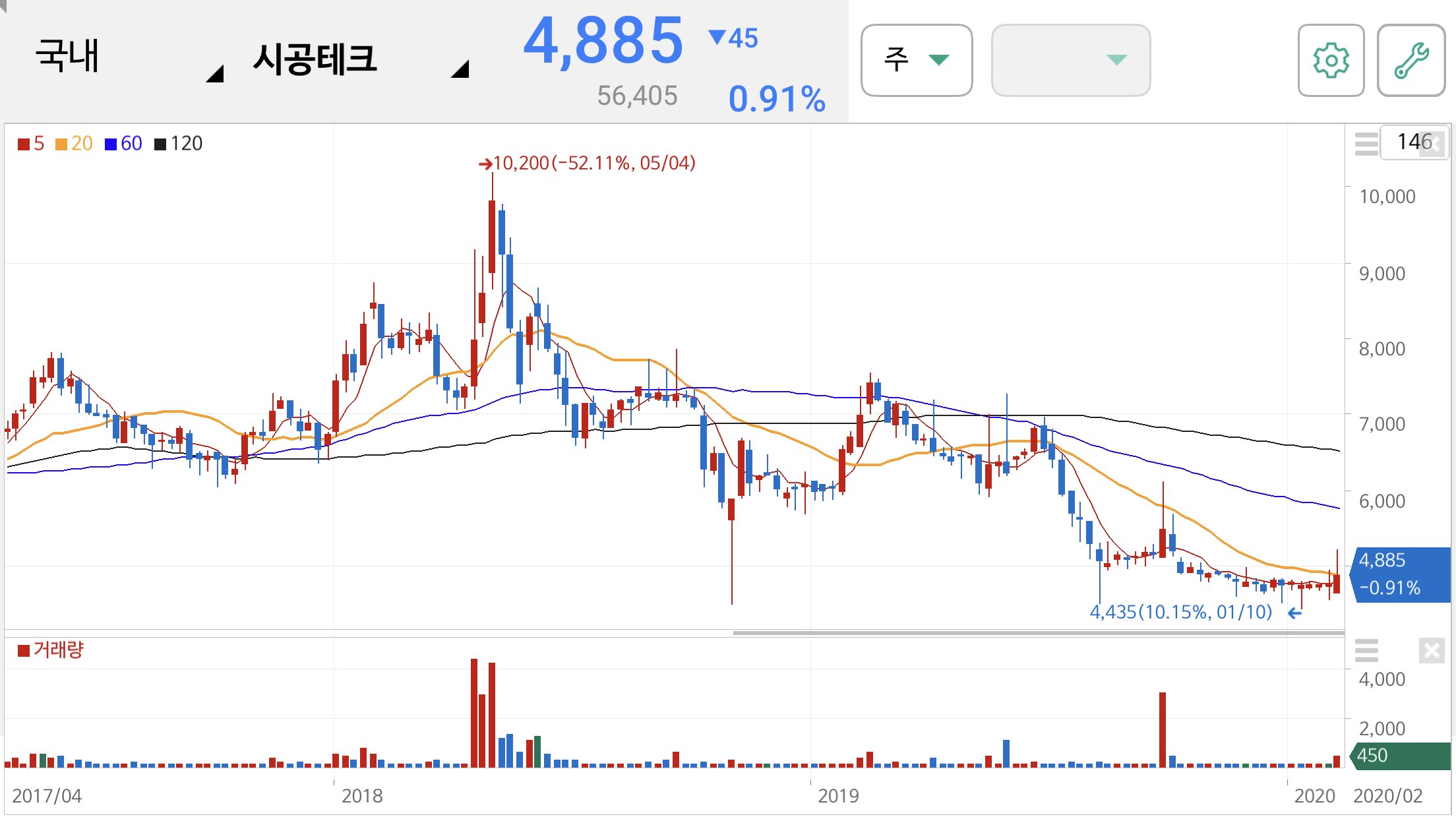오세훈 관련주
+--
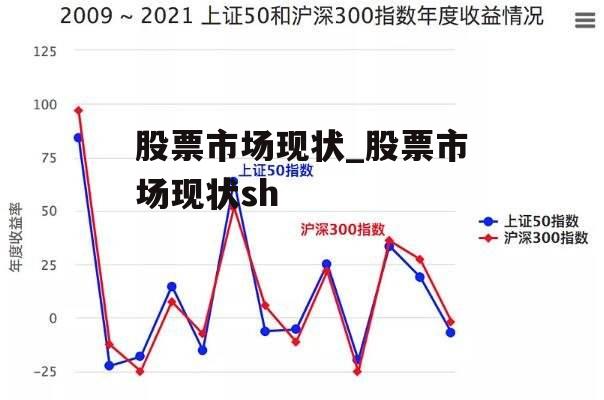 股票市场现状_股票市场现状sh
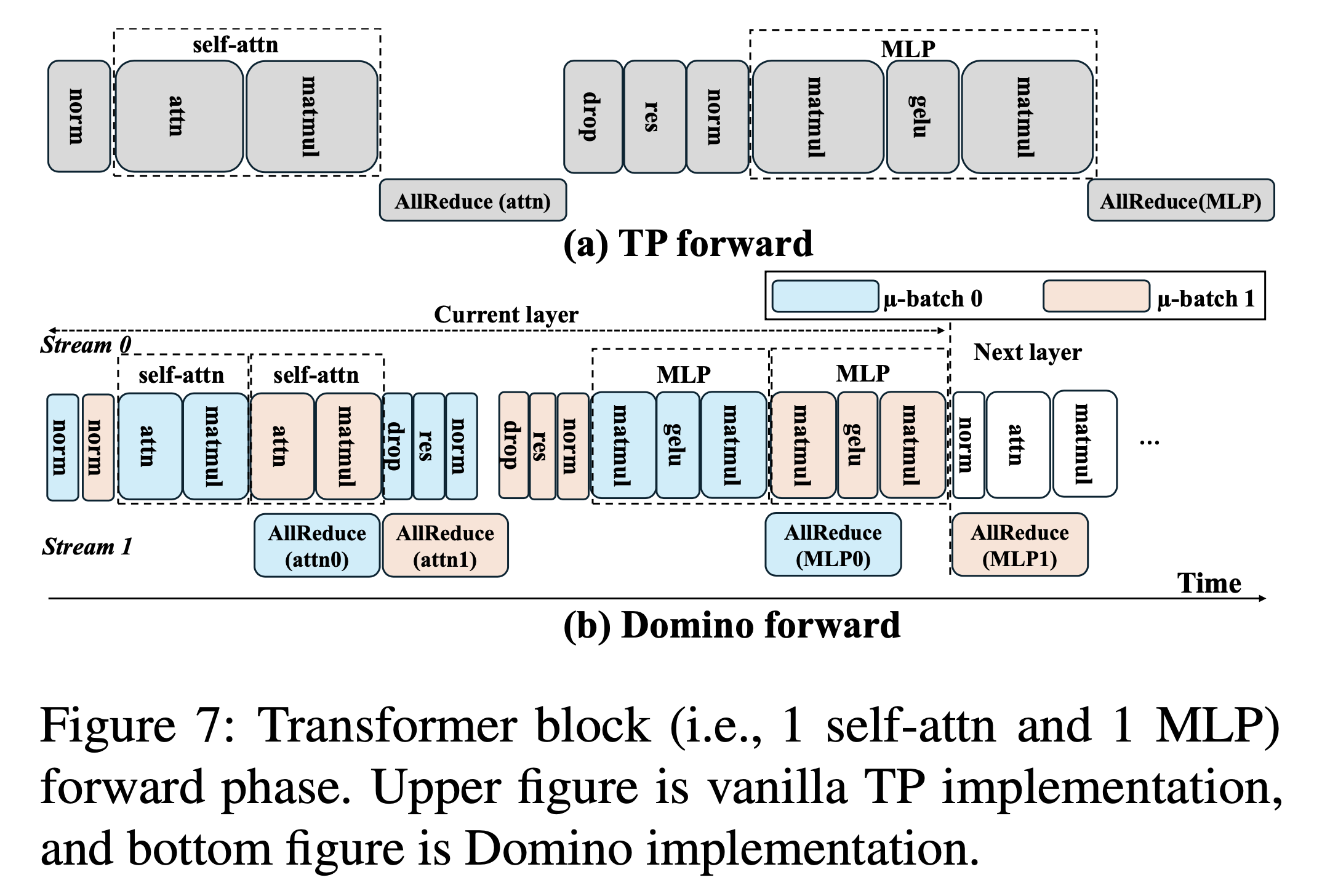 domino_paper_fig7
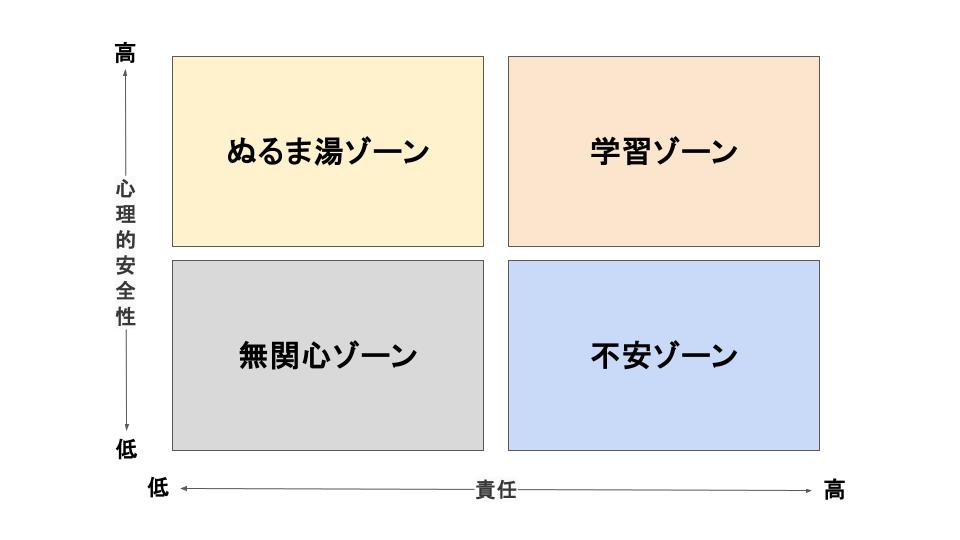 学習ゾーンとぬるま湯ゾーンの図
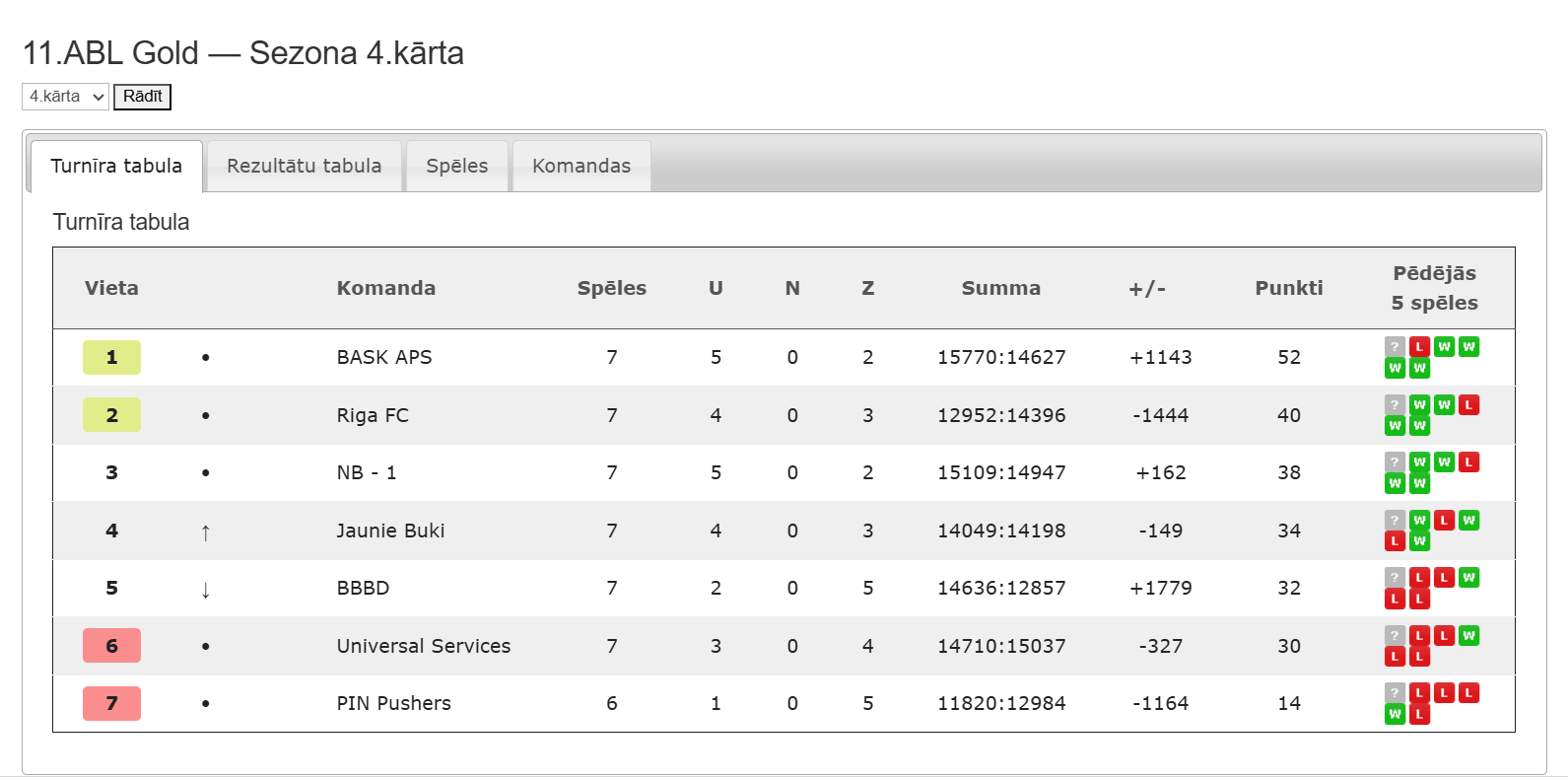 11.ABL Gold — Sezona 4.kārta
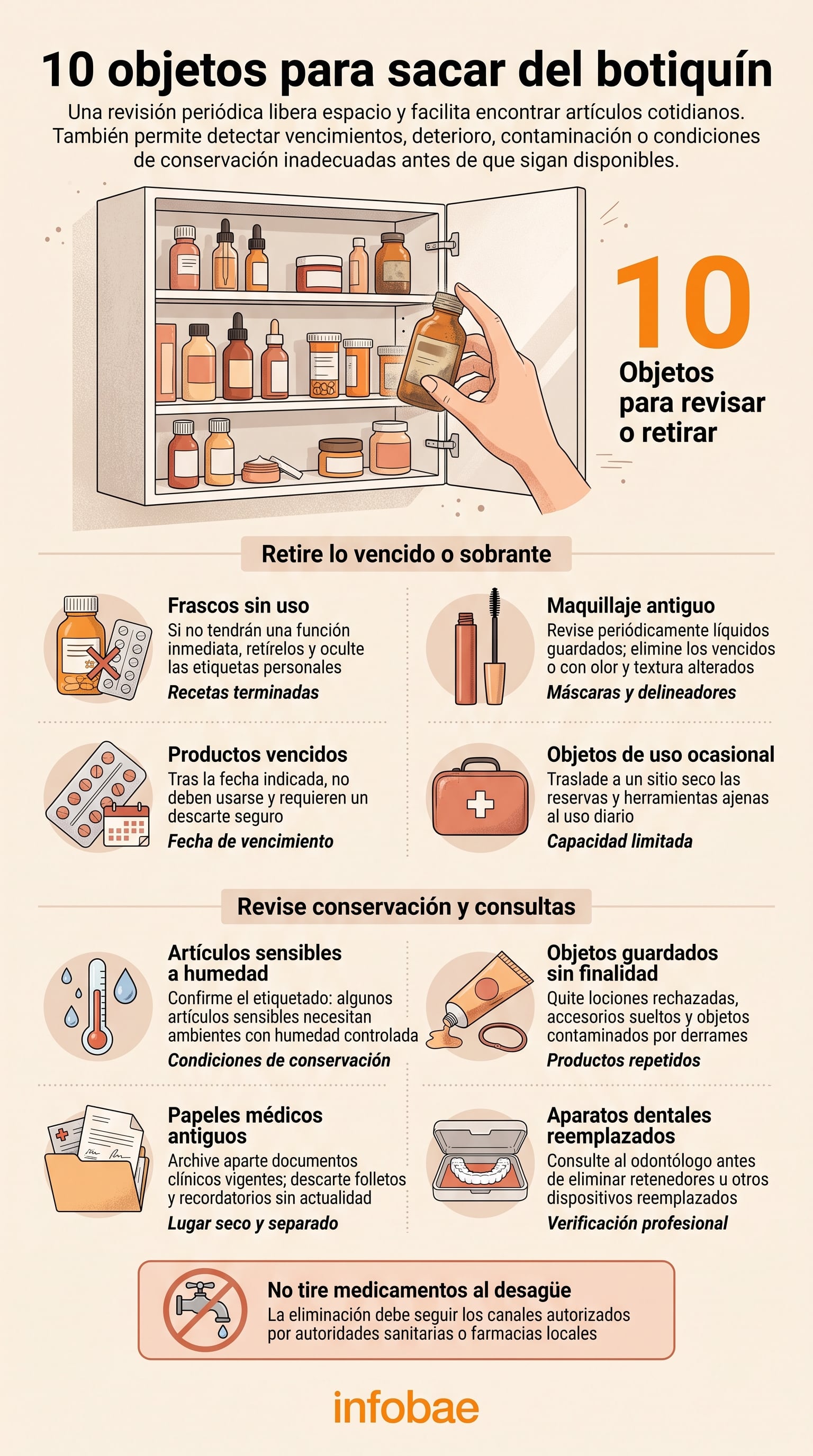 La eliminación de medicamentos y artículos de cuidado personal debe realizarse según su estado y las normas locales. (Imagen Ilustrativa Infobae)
+--
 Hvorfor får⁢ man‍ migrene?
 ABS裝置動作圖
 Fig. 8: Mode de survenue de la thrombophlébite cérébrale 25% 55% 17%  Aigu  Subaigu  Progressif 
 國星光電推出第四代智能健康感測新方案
+--
▶ What you should do: Only one stretch of the data is wanted: write out exactly the lines from the one holding "股票市场现状_股票市场现状sh" through the one holding "La eliminación de", both included, without the pictures.

▶ Solution for this task:
 股票市场现状_股票市场现状sh
 domino_paper_fig7
 学習ゾーンとぬるま湯ゾーンの図
 11.ABL Gold — Sezona 4.kārta
 La eliminación de medicamentos y artículos de cuidado personal debe realizarse según su estado y las normas locales. (Imagen Ilustrativa Infobae)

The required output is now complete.